Partial Jacobian Descent for IWRM
=================================

This example demonstrates how to perform Partial Jacobian Descent using TorchJD. This technique
minimizes a vector of per-instance losses by resolving conflict only based on a submatrix of the
Jacobian — specifically, the portion corresponding to a selected subset of the model's parameters.
This approach offers a trade-off between the precision of the aggregation decision and the
computational cost associated with computing the Gramian of the full Jacobian. For a complete,
non-partial version, see the :doc:`IWRM <iwrm>` example.

In this example, our model consists of three ``Linear`` layers separated by ``ReLU`` layers. We
perform the partial descent by considering only the parameters of the last two ``Linear`` layers.
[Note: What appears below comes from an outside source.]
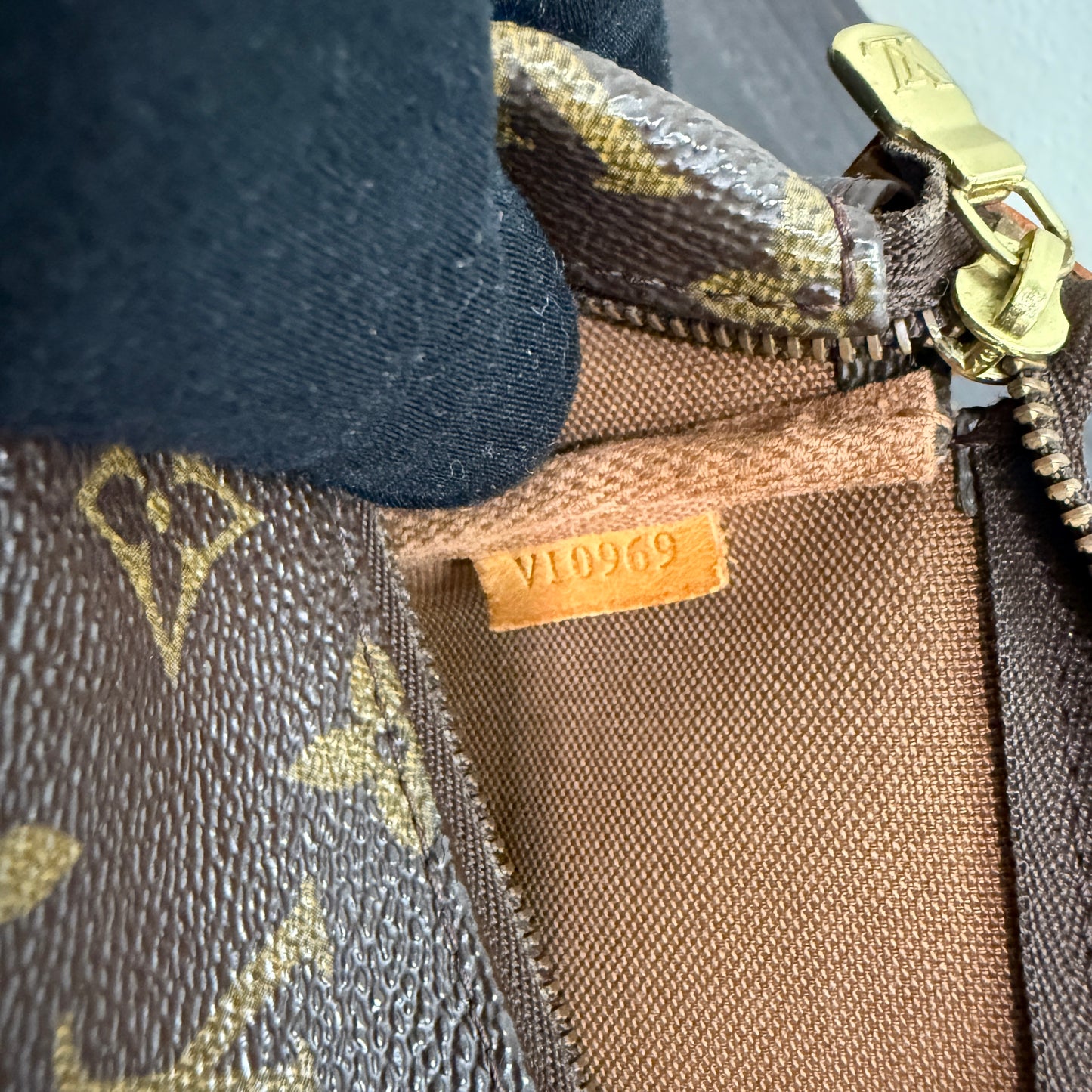 #1016 LOUIS VUITTON Monogram Pochette (TOP PICK!)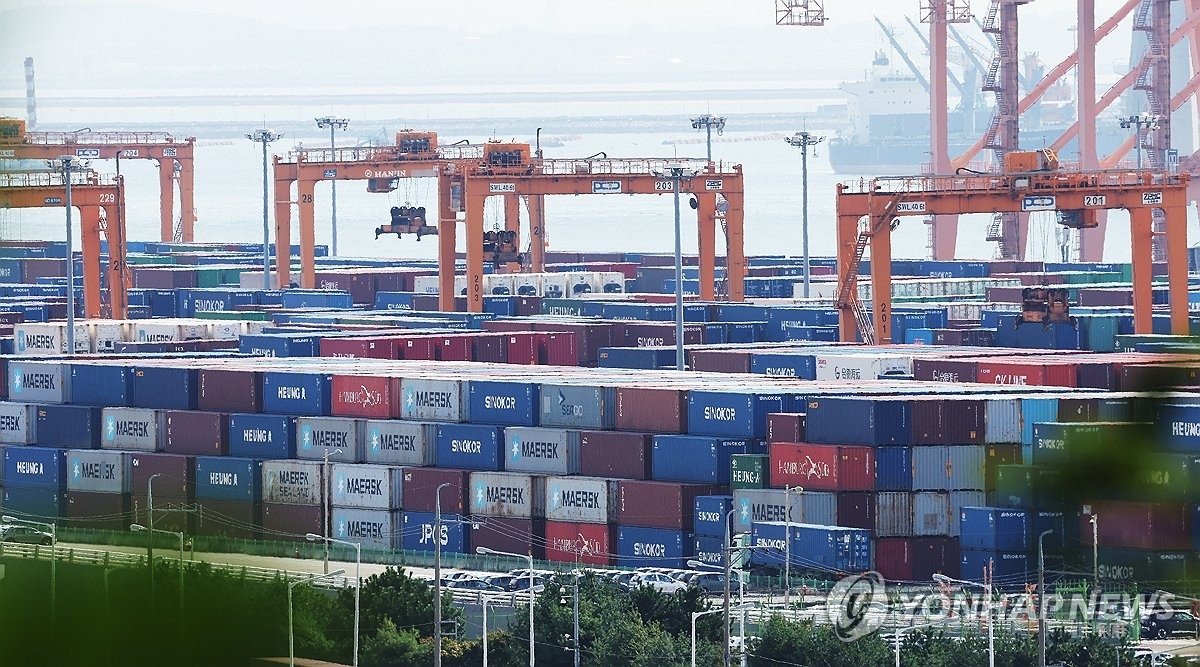 Xuất khẩu của Hàn Quốc đang gặp khó khăn lớn do chính sách thuế quan của Mỹ (ảnh Yonhap News)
By
doing this, we avoid computing the Jacobian and its Gramian with respect to the parameters of the
first ``Linear`` layer, thereby reducing memory usage and computation time.

.. code-block:: python
    :emphasize-lines: 16-18

    import torch
    from torch.nn import Linear, MSELoss, ReLU, Sequential
    from torch.optim import SGD

    from torchjd.aggregation import UPGradWeighting
    from torchjd.autogram import Engine

    X = torch.randn(8, 16, 10)
    Y = torch.randn(8, 16)

    model = Sequential(Linear(10, 8), ReLU(), Linear(8, 5), ReLU(), Linear(5, 1))
    loss_fn = MSELoss(reduction="none")

    weighting = UPGradWeighting()

    # Create the autogram engine that will compute the Gramian of the
    # Jacobian with respect to the two last Linear layers' parameters.
    engine = Engine(model[2:], batch_dim=0)

    params = model.parameters()
    optimizer = SGD(params, lr=0.1)

    for x, y in zip(X, Y):
        y_hat = model(x).squeeze(dim=1)  # shape: [16]
        losses = loss_fn(y_hat, y)  # shape: [16]
        optimizer.zero_grad()
        gramian = engine.compute_gramian(losses)
        weights = weighting(gramian)
        losses.backward(weights)
        optimizer.step()